# Erin Heatherton leidet unter miefendem Leonardo DiCaprio



## beachkini (21 März 2012)

​
*Er ist ein absoluter Weltstar. Er sieht umwerfend aus und er besitzt Charme für Zehn. Warum nur laufen Hollywood-Star Leonardo DiCaprio aber immer wieder die Frauen weg? Und warum wird wohl auch bald seine aktuelle Freundin, Erin Heatherton, mit der Faust auf den Tisch hauen? Es gibt da so eine Theorie. *

Wie ein Insider gegenüber US-Medien verraten haben will, nimmt das Umweltbewusstsein von Leonardo DiCaprio mittlerweile Züge an, die bei den Damen in seiner direkten Umgebung gar nicht mehr so gut ankommen. Denn sein Engagement für die Natur setzt der Schauspieler mit den deutschen Wurzeln auch zuhause konsequent um.
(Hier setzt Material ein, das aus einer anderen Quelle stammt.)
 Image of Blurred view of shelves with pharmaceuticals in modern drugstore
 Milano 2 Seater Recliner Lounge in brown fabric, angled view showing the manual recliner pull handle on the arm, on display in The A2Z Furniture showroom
*Liebe zur Umwelt steht über der Liebe zu Erin Heatherton?*

Angeblich soll der einstige “Titanic”-Star nur selten baden und völlig auf ein Deodorant verzichten. Doch geht das nicht ein bisschen zu weit? Es scheint zwar durchaus lobenswert, dass er seinen Beitrag zur Umwelterhaltung leisten will. Doch im Schlafzimmer tut sich der Schönling damit ganz sicher keinen Gefallen. Denn, so der Insider weiter: “Leo hat die Liebe zur Natur über alles gestellt und das killt nun sein Liebesleben. Er duscht nur ein paar mal die Woche, um Wasser zu sparen und sieht Deodorant als etwas Unnatürliches an.”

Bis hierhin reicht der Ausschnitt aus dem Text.